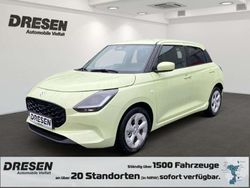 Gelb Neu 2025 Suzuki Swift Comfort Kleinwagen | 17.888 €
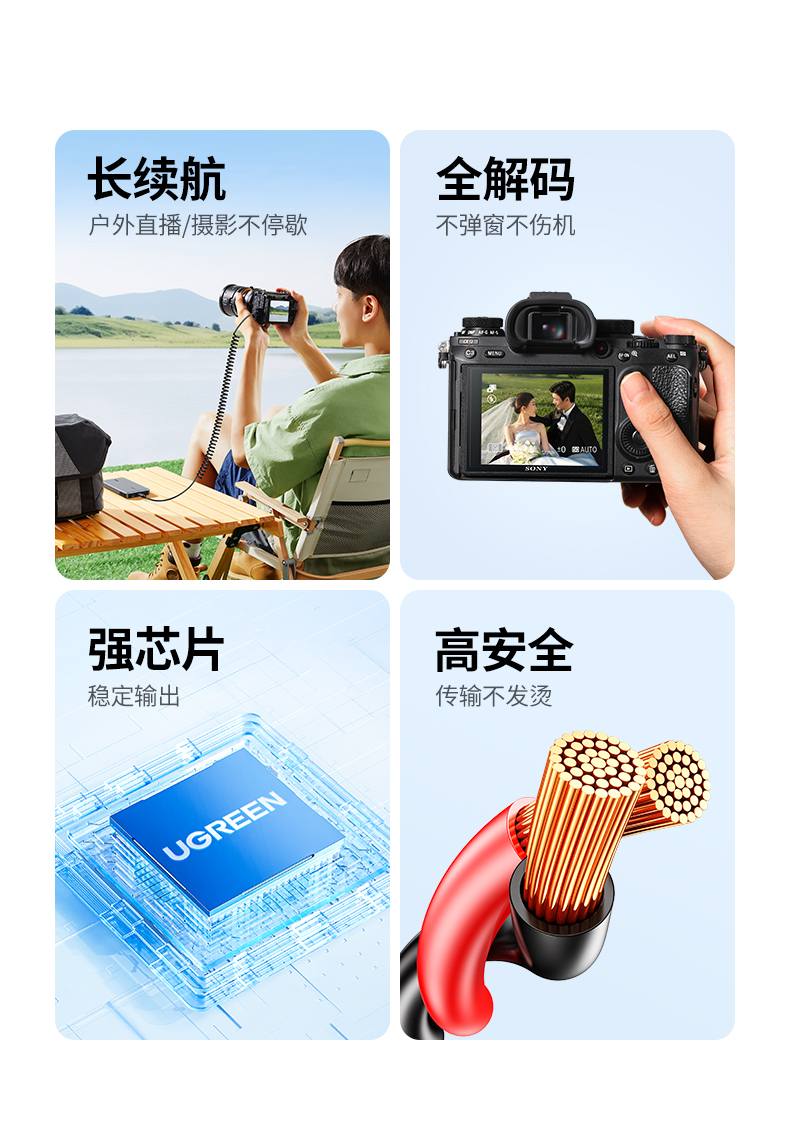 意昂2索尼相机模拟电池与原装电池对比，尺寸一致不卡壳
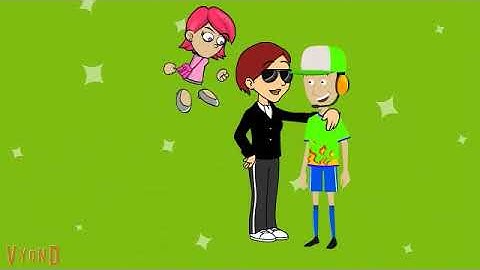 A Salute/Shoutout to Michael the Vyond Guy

::::::::

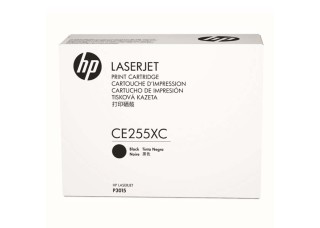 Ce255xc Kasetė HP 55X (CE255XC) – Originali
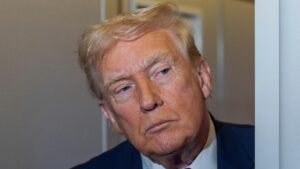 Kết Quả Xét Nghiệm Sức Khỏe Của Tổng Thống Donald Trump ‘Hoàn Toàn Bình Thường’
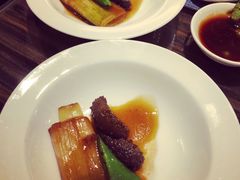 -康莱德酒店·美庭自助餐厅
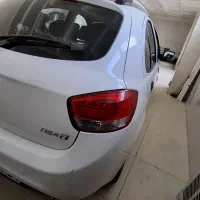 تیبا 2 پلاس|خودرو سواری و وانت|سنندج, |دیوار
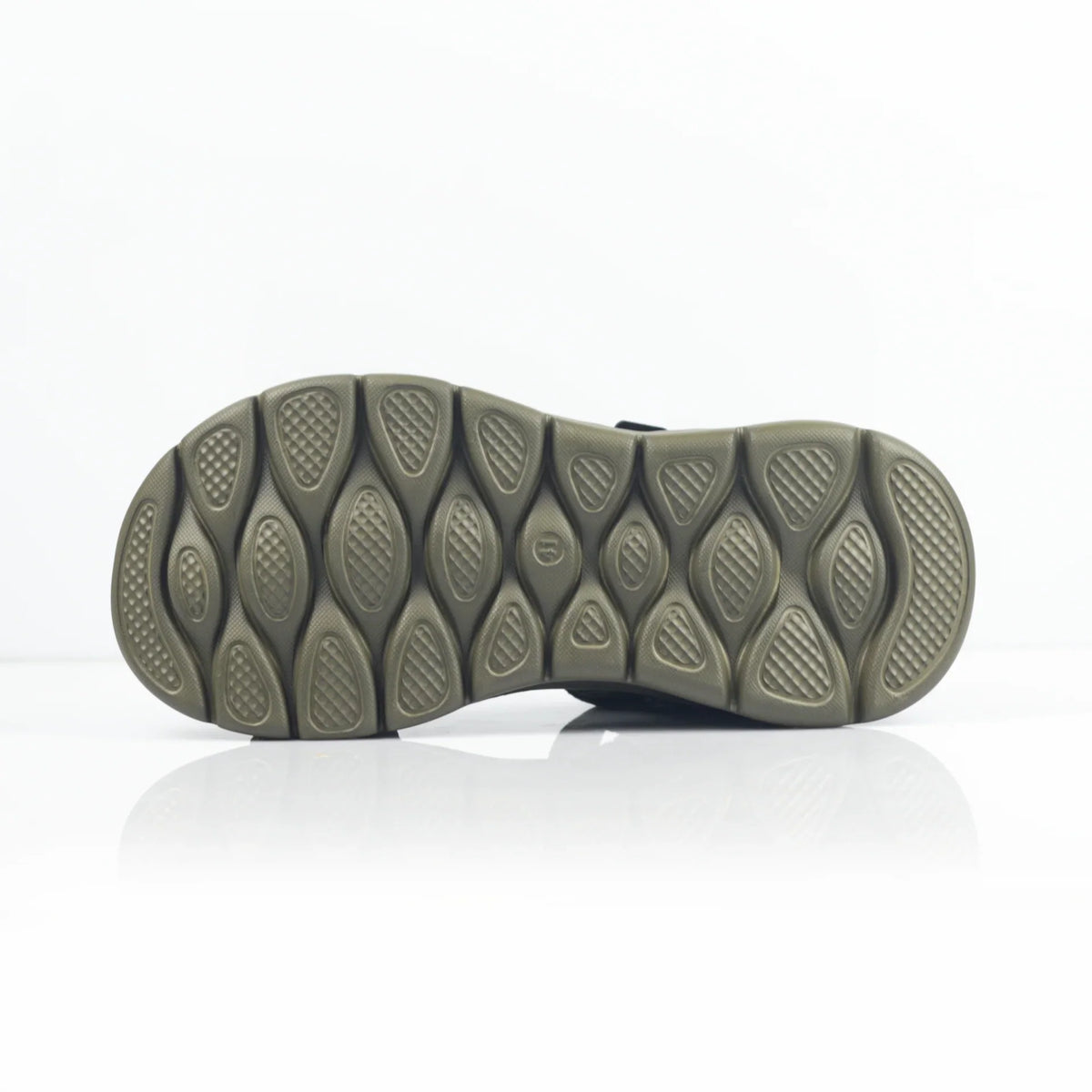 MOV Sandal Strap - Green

::::::::

▶ [WHAT TO PRODUCE] In the records above, find the line with "Gelb Neu 2025". Print exactly from there through the line with "A Salute/Shoutout to Michael the Vyond Guy", minus the pictures.

▶ [WRITTEN ANSWER]
 Gelb Neu 2025 Suzuki Swift Comfort Kleinwagen | 17.888 €
 意昂2索尼相机模拟电池与原装电池对比，尺寸一致不卡壳
 A Salute/Shoutout to Michael the Vyond Guy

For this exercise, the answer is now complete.